Un soir à Paris, dans un bar de la rue Duphot, apparaît, accompagnée de son mari, Maria Cross. Raymond Courrèges n’en croit pas ses yeux, il a si longtemps rêvé de cette rencontre pour pouvoir assouvir sa vengeance envers cette femme qui l’a humilié, presque vingt ans auparavant... La présence de Maria, qui ostensiblement l’ignore, fait naître des images qu’il n’a pas envie de contempler mais qu’il ne peut que subir. Au fil des souvenirs ainsi convoqués, nous découvrons les événements à l’origine du ressentiment haineux de Raymond. 

C’est l’époque de sa jeunesse bordelaise. Fils et petit-fils de médecin, son goût trop prononcé pour les plaisirs à satisfaction immédiate l’a détourné de toute velléité de carrière. Il aime dominer ses camarades, auprès desquels il passe pour un sale type, de ceux qui cachent des photos de femmes dans leur portefeuille et fréquentent les baraques à catins de la fête foraine. Il prend des airs arrogants et cyniques pour éreinter le milieu enseignant et le monde des adultes en général.

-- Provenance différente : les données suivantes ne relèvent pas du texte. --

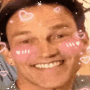 billblush Discord sticker | /2k10/ (21+)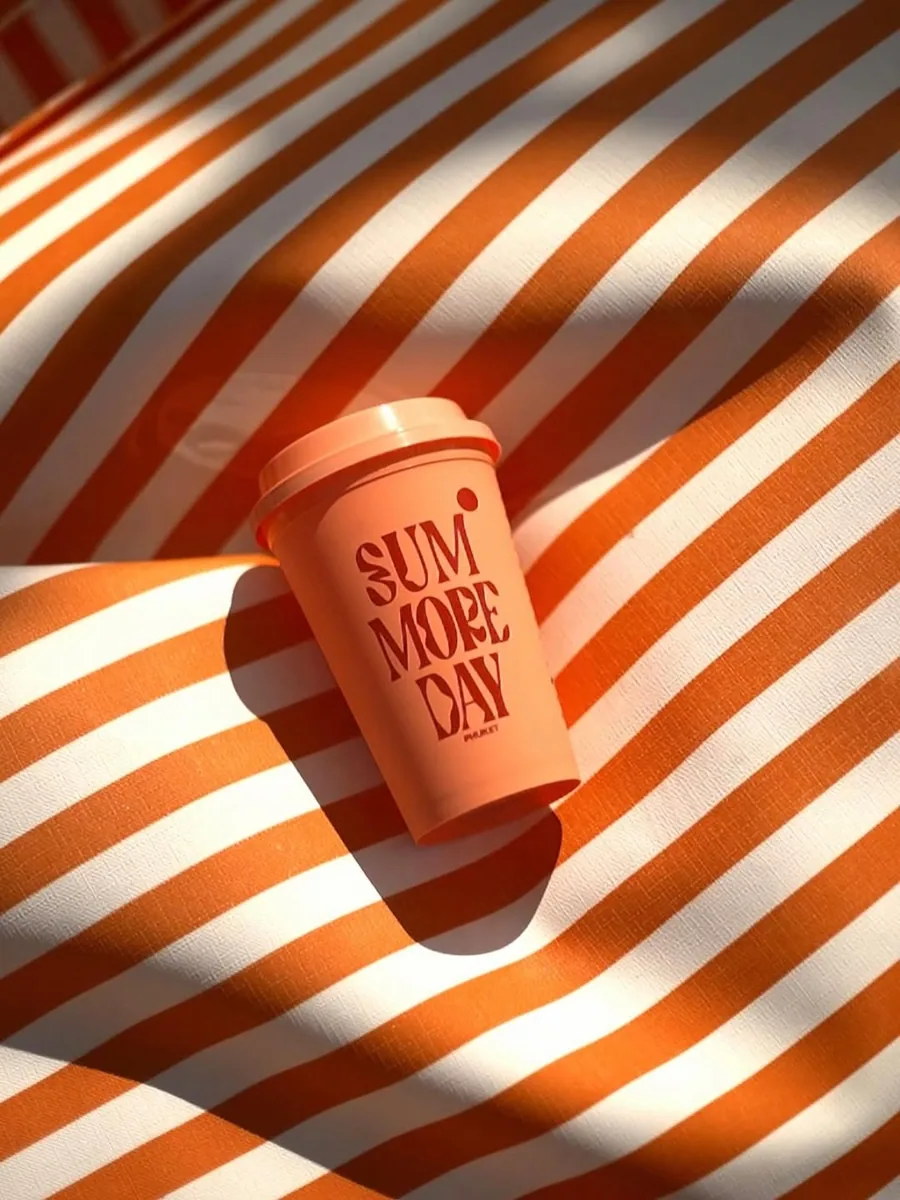 Summore Day Cafe (via instagram)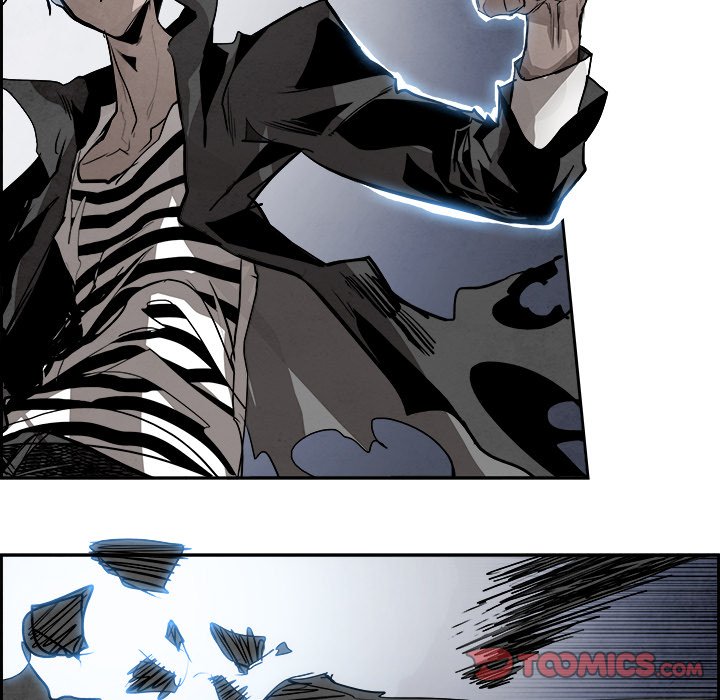 War-Ble Chapter 90 page 42 - Chapter 90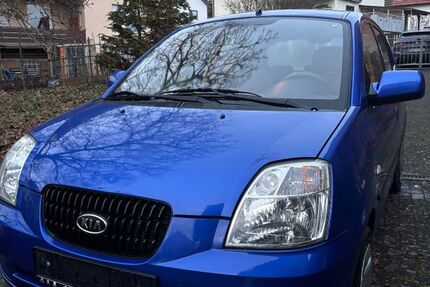 Kia Picanto 174.122 km 1.500 € Retzbach 97225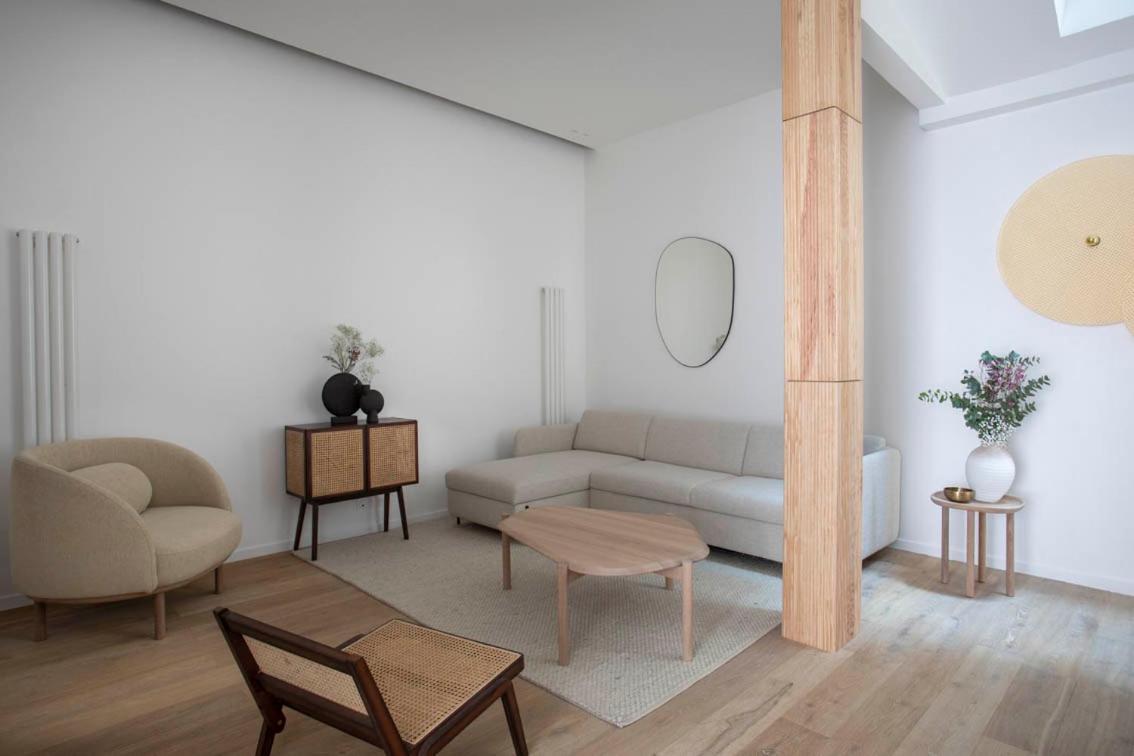 Appartamento Fabulous Flat/full Equipped/invalides/champdemars Parigi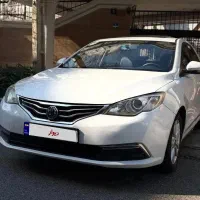 ام جی ۳۶۰ توربو اتوماتیک مدل 97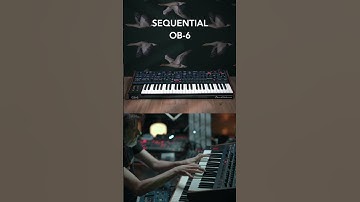 Sequential OB-6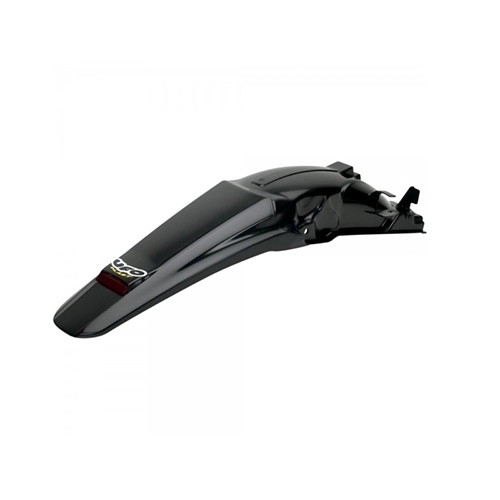 Крило заднє UFO HO03646-001 Black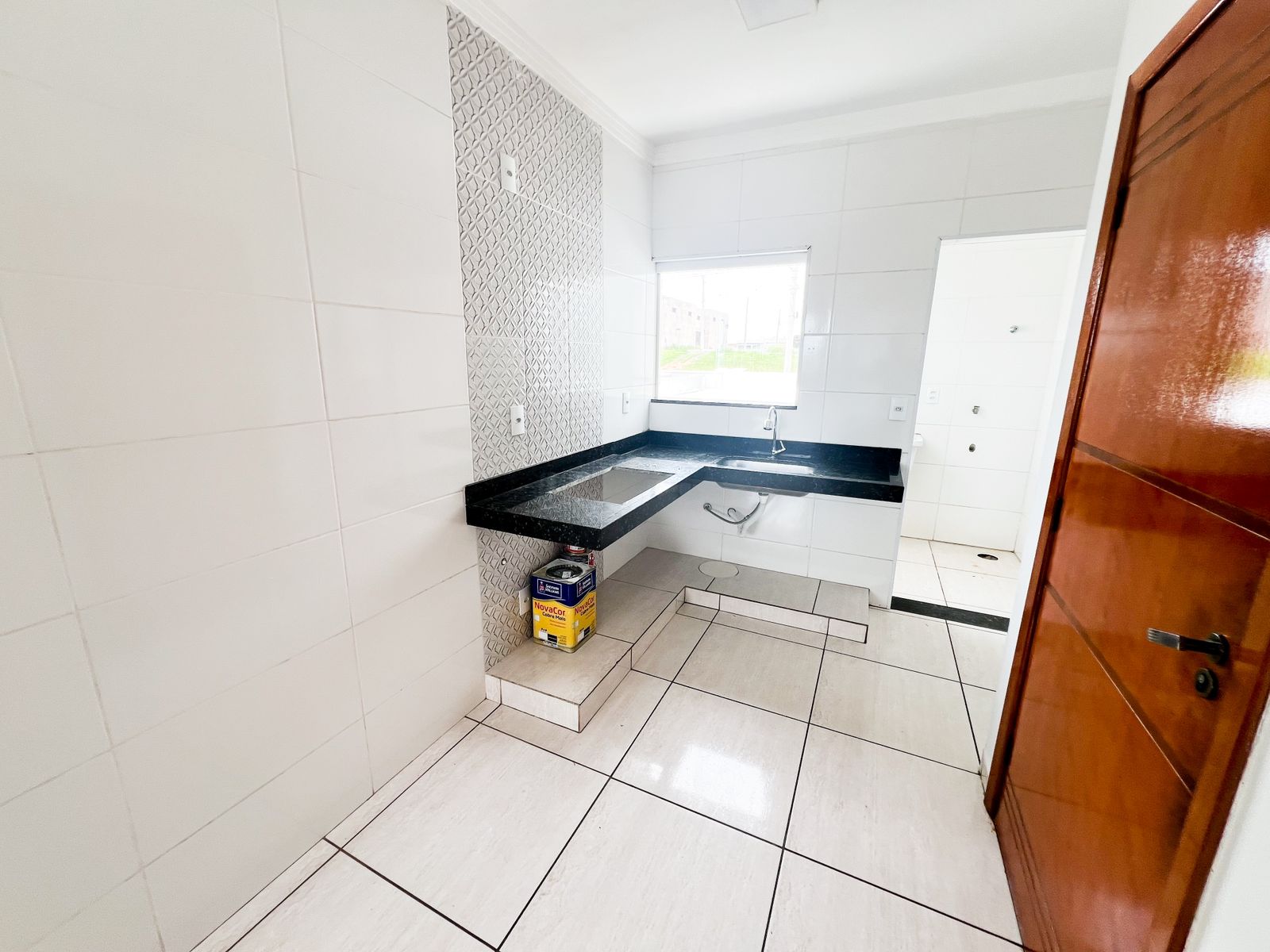 Apartamento no bairro Residencial São Jerônimo à Venda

Il n’est pas vraiment plus apprécié chez lui qu’au collège. Sa sœur aînée -qui le surnomme "la plaie de la famille"- et sa mère le jugent comme un incapable et son père surmené, comme indifférent à tout ce qui se passe dans un foyer où il est peu présent, ne sait comment créer de liens avec ce fils au cœur hérissé de défenses.

La réalité intérieure de Raymond est en inadéquation avec cette image d’assurance effrontée et de tombeur de filles qu’il renvoie. Victime de l’opinion désastreuse que les autres ont de lui, il a fini par y croire lui-même, et donc par l’entretenir. Il est beau mais se trouve laid, et s’applique donc à ne pas prendre soin de son apparence. Convaincu de ne pouvoir susciter que le dégoût, il éprouve pour son corps, qu’il voudrait cacher, une honte profonde.

Tout va changer avec l’attention que lui porte une femme. Cette femme prend chaque jour de la semaine le même tram que lui, de retour du cimetière où elle s’est rendue sur la tombe de son fils. Cette proximité quotidienne avec son enfant mort explique-t-elle ce besoin de s’attacher à un enfant vivant ? Toujours est-il qu’elle décèle dans le collégien négligé qu’est Raymond un être neuf, et que s’instaure entre eux un échange d’abord silencieux. Le jeune homme, sous l’effet de cette contemplation, se transforme, se convainc qu’il n’est peut-être pas un monstre, puisqu’il détient le pouvoir de capter le regard d’une femme, il sort de son état d’écolier sordide, se préoccupe de son apparence.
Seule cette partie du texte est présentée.